As you can see, with this habit, high-level thinking becomes a powerful tool to improving practically every area of your life — so it’s one you should definitely try to adopt.
5. You genuinely consider anyone’s advice and insights
This habit is more something you don’t do — and that is, you never say “I know”.
And this can actually be very hard to do, because we all want to feel significant and prove our worth to others. That includes showing our intelligence and skill in a certain area.
You might have thoughts like, “I already know this! I don’t have to listen to anything you say.” Or, “I’m much better at this than you — why are you trying to give me advice?”
But high-level thinkers actually do the opposite. Because if someone is giving you advice, it’s because they don’t see you living by it yet. And if you’re not living by it, how can you say you really know it?
Besides, even if we suppose you do know it. There’s no harm in hearing it one more time.
Different people can have different perspectives and understandings of the same concept, and you might discover a new insight that you didn’t even know existed.
6. You look for unusual ideas and connections
High-level thinkers have a knack for creativity and seeing connections where others might not.
But this isn’t something that just happens — they make a conscious effort to do this.
In fact, they’re like detectives, hunting for the unusual, the intriguing, and the insightful in everyday experiences.
I once met a product designer at a networking event who is a stellar example of this.
He has a unique habit of visiting flea markets every weekend. He explained, “it’s a place where I get to see an incredible amount of objects in the same place, both modern and old, and especially objects I don’t see in my usual environment.”
He continued, “My brain processes everything it’s seen, and it sparks new ideas for product design. Sometimes it even comes to me in dreams.”
His eyes were sparkling as he told this story — it was obvious that this habit was incredibly fun for him.

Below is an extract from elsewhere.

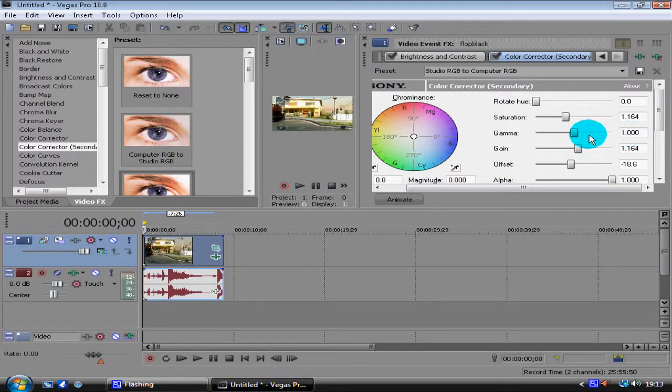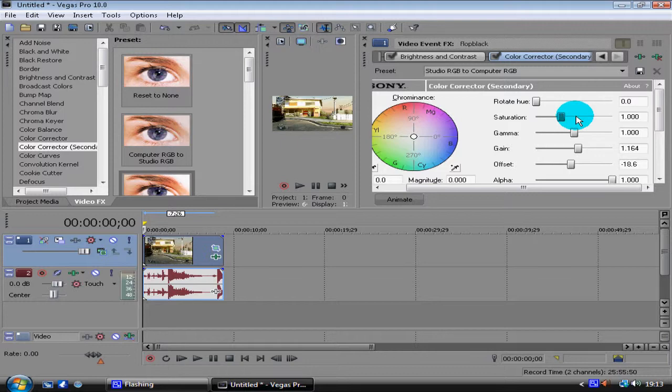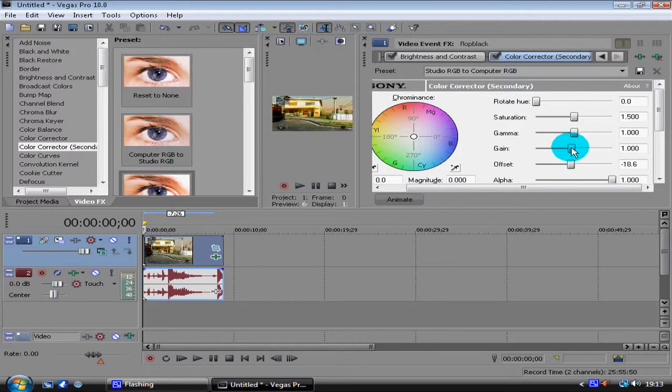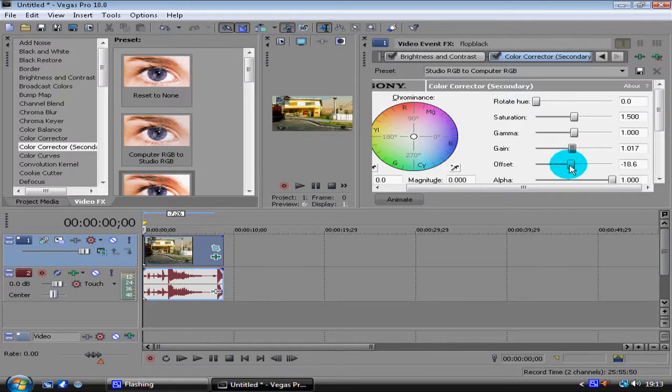Saturation is going to be 1500, there we go. Gamma is 1000, gain will be 117, and then offset is just going to be 0. Once you get that, just close that.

So whatever you do to foster your own creativity, make sure you take his example!
7. You actively avoid judging
It’s safe to say that we all make judgments about the world around us – we can’t help it, and actually it’s pretty necessary to survive.
We may look down a dark alley and judge that it’s dangerous for us to walk down at night, and go for the better-lit longer route.
In this case, definitely go ahead and judge!
But there are so many more situations where judging really isn’t helpful. Like when we meet a new person, or assume we know their intentions or feelings.
This is an instance where high-level thinkers take care to avoid judging. How do they do this?
Well, as we already said, judging is something that happens automatically. So what high-level thinkers do is identify their judgements and challenge them by being open to the opposite as well.
If you meet someone who seems to be a stuck-up snob, instead of shunning them you still give them a chance, talk to them, and you might discover that they’re actually just super shy or going through a difficult period.
Take the next step to up-level your thinking
Now you know 7 actions that high-level thinkers regularly do.
As you can see, they don’t just point to having exceptional mental skill, but they also bring many benefits to your life, from improving the environment around you to being more accepting and tolerant of others.
If you recognize these habits in yourself, congratulations, you can count yourself as part of this exceptional group.
But whether you identified with all 7 or even 0, there is always room for improvement — and the good news is, high-level thinking is something you can get better at during any point of your life.